The present study follows a similar protocol used by Patrick et al. [5]. Participants who were eligible for a follow‐up survey in 2018 were randomly assigned (1 : 1) to one of two experimental conditions: standard MTF or web‐push. Respondent contact procedures for the two conditions are summarized in Table 1. Sample size was sufficient for detecting effect sizes produced in previous experiments [5, 6, 7].

Table 1.

Experimental procedures by condition.

		Condition
Order	Action a	Standard MTF	Web‐push condition
1	Selection letter; newsletter	Cp	Cw
2	Questionnaire	P, $	W, $, e‐mail, text (SMS)
3	Reminder postcard	Cp	W, e‐mail
4	Reminder letter	Cp	Pb, W, $, e‐mail
5	Non‐response phone call	Cp	Cpw
6	Final mailing	P	Cpw, P, W

$ = incentive check;

Cp = communication mentioning the paper questionnaire (not including the actual questionnaire);

Cpw = communication mentioning both the paper questionnaire and the web questionnaire;

Cw = communication without mention of mode of survey;

e‐mail = communication duplicated in an e‐mail to those who provided e‐mail addresses;

text (SMS) = communication duplicated in a text message;

W = web survey log‐in information (URL, PIN and QR code).

All occur via postal mail service except for ‘e‐mail’.
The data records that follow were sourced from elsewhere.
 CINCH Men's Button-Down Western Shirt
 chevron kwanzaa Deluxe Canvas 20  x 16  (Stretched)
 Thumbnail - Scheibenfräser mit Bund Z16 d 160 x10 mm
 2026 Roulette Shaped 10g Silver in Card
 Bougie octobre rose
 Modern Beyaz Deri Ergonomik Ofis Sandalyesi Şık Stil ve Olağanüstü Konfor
^aProcedures are based on Monitoring the Future (MTF) protocol and altered minimally across conditions.

^bThis is the first time web‐push respondents receive a paper questionnaire.
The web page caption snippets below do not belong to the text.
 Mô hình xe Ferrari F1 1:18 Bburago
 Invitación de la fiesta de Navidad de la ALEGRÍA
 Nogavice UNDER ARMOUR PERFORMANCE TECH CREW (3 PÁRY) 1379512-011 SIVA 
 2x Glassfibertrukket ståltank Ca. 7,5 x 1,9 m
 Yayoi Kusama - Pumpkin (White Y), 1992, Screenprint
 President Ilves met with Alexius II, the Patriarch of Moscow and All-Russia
For the standard MTF condition, longitudinal participants were sent one mailing in December, as per usual MTF protocol [4]. The mailing included a letter, which informed participants that they would be receiving a questionnaire and would be paid $25 for their participation, a newsletter containing selected summary results from the study in an informational format and a change of address card for the respondent to update contact information. In April, a paper questionnaire was mailed along with a pencil, pre‐paid return envelope and check for $25 in the participant's name. A reminder postcard was sent 1 week later, and a reminder letter was sent 3 weeks after that (for those participants who had not yet returned their questionnaire). One week later, non‐response phone calls were made to all those who had not yet returned a questionnaire. A final mailing approximately 6 weeks later included a second copy of the paper questionnaire (for those participants who had not yet returned one).
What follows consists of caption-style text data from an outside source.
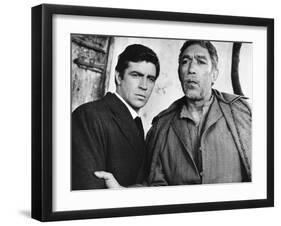 Zorba the Greek, L-R, Alan Bates, Anthony Quinn, 1964-null-Framed Photo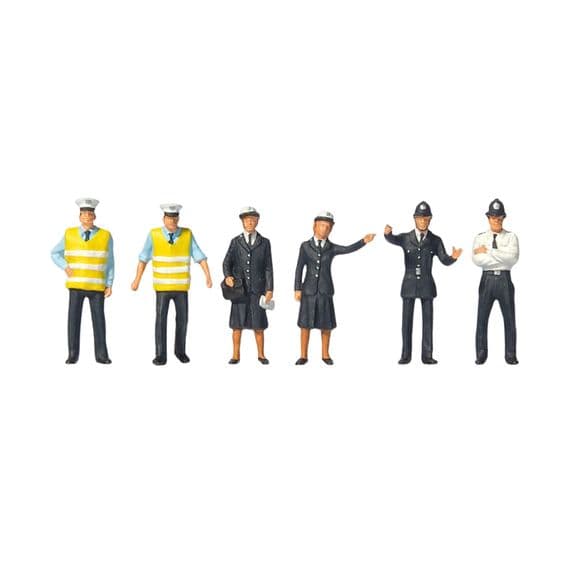 Preiser 73004 British Police (Pack of 6) OO/4mm/1:76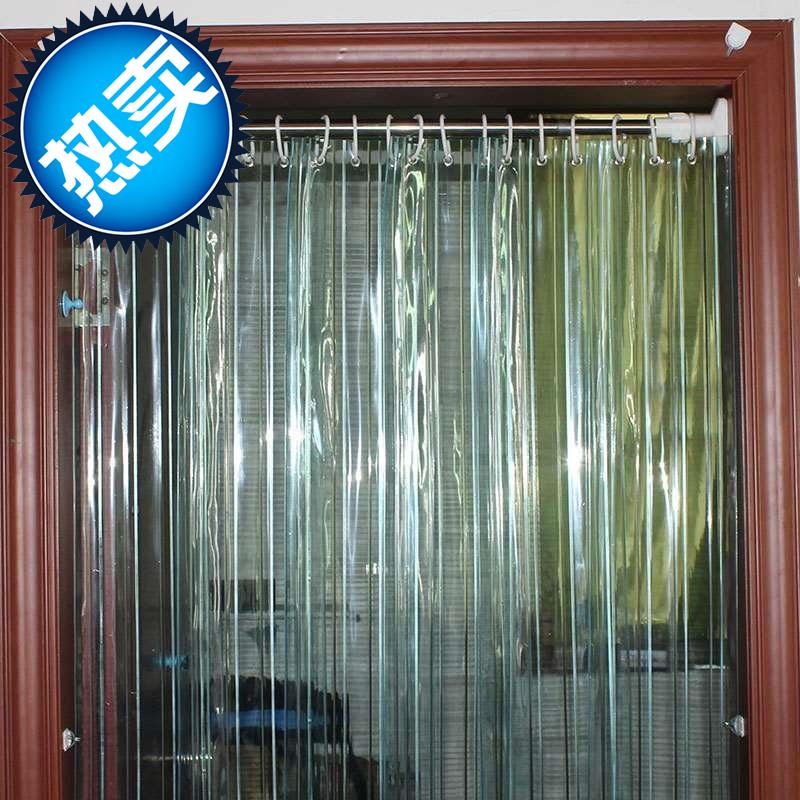 透明a窗帘塑料 挡风帘软玻璃门帘伸缩杆免打孔不损墙透明简易安装|ruв категории домашний ткань, занавес, занавес и аксессуары, занавес - от Buy2taobao.com для оказания профессиональной услуги покупки агента Taobao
In the web‐push condition, similar to the standard MTF condition, a letter and newsletter were sent to participants notifying them that they would be invited to complete a survey. However, the web‐push condition included a mailed invitation without mentioning a paper survey. Instead of a paper questionnaire, participants in the web‐push condition were sent web survey login information [i.e. survey uniform resource locator (URL) and personal identification number (PIN), as well as a QR code] and a check for $25. Additionally, an e‐mailed version of the invitation to complete an on‐line survey was sent to those participants who provided an e‐mail address. A reminder e‐mail was sent in addition to a reminder postcard that was sent by mail, which was the same as the standard MTF condition except that it requested completion of an on‐line survey. A reminder was sent 1 week later, similar to standard MTF, and telephone calls were made to all those who had not yet returned a questionnaire. However, for the web‐push condition, the reminder was sent via e‐mail as well as a letter, and the letter included the on‐line survey login information and also a paper questionnaire as an additional option. At the same time, those who had provided a mobile phone number and consented to receive texts were sent an SMS (short text message) with the login information. Finally, after the round of non‐response prompting by telephone, the web‐push group was also sent a final paper questionnaire and information about the web survey option. It is important to note that across conditions, we made minimal changes to survey layout, text of communications, and survey content so as not to confound differences in communication with the survey and invitation modes.

In summary, the standard MTF condition was sent two paper questionnaires and no mention of the web. The web‐push condition was sent login credentials to complete the survey on‐line at the first and final reminder, plus up to four e‐mail messages and a text message. Non‐responders in the web‐push condition were also sent up to two paper questionnaires. All procedures are shown in Table 1.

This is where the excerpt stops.